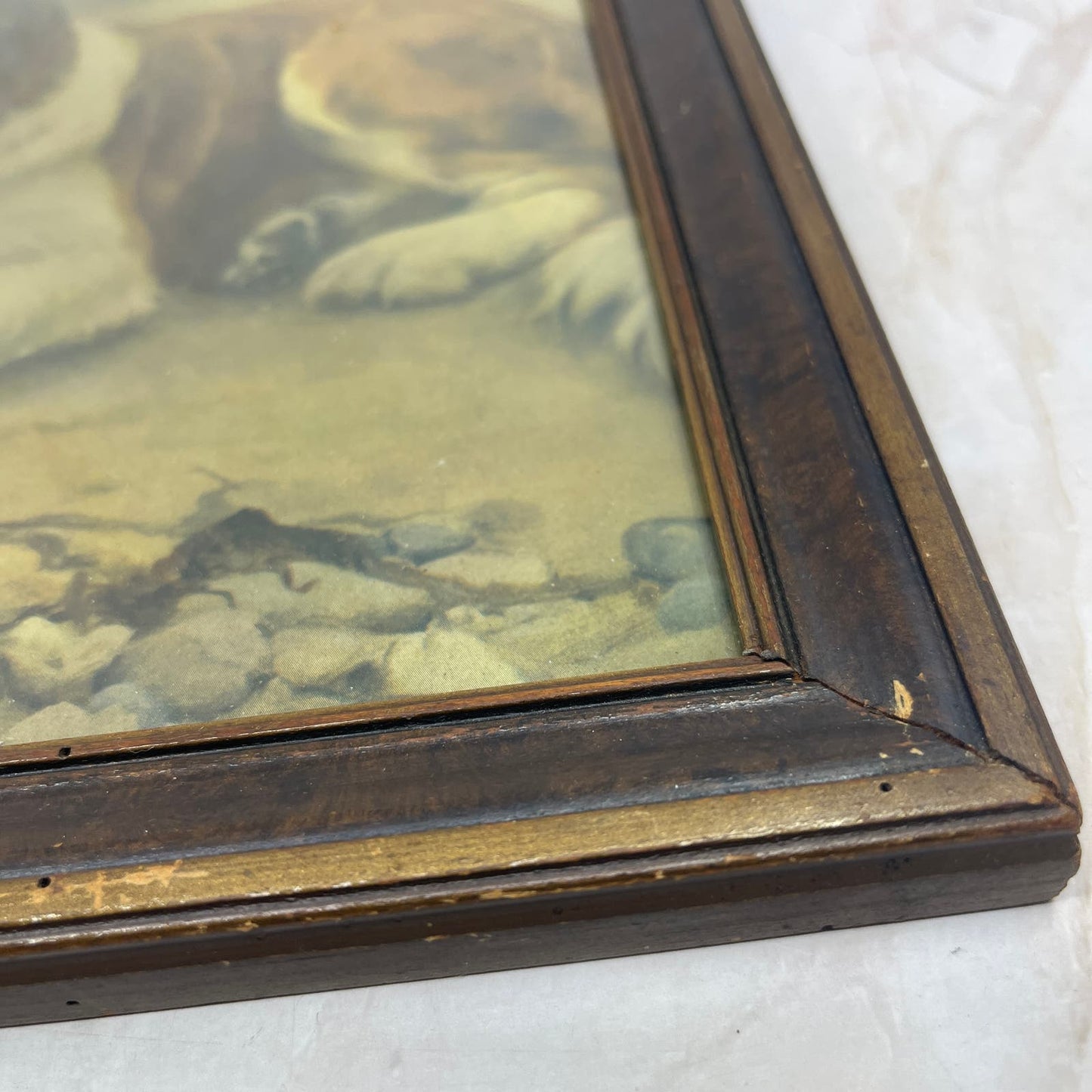1906 Framed Wall Art Print Arthur Elsley Girl Sleeping St Bernard Dog On Beach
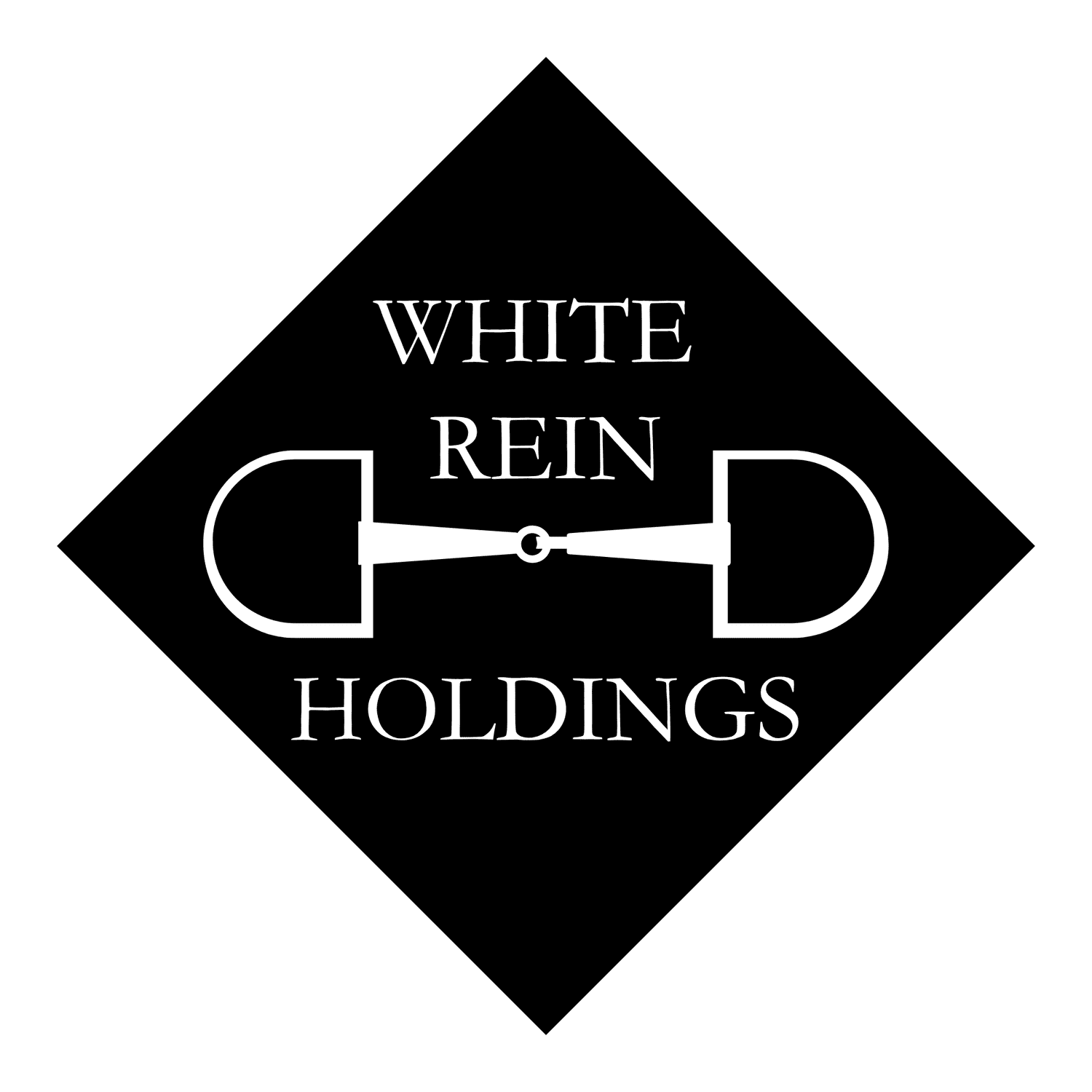 WHITE REIN HOLDINGS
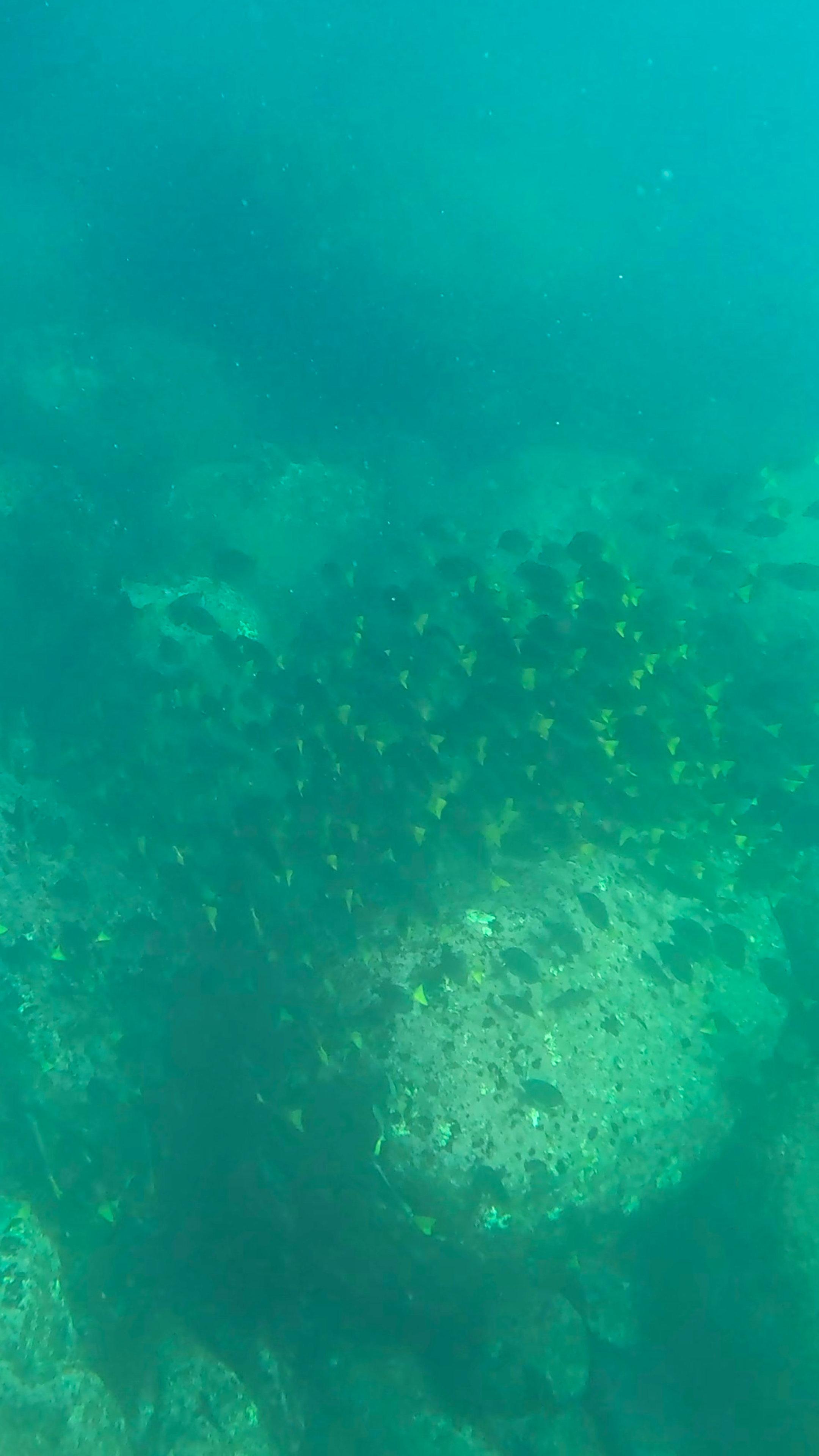 Cabo Pulmo National Park: Full-Day 2-Tank Scuba Diving Adventure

■ Aim of the exercise
Your reply should restate the data above word for word and contain no pictures.

■ Your response
1906 Framed Wall Art Print Arthur Elsley Girl Sleeping St Bernard Dog On Beach
 WHITE REIN HOLDINGS
 Cabo Pulmo National Park: Full-Day 2-Tank Scuba Diving Adventure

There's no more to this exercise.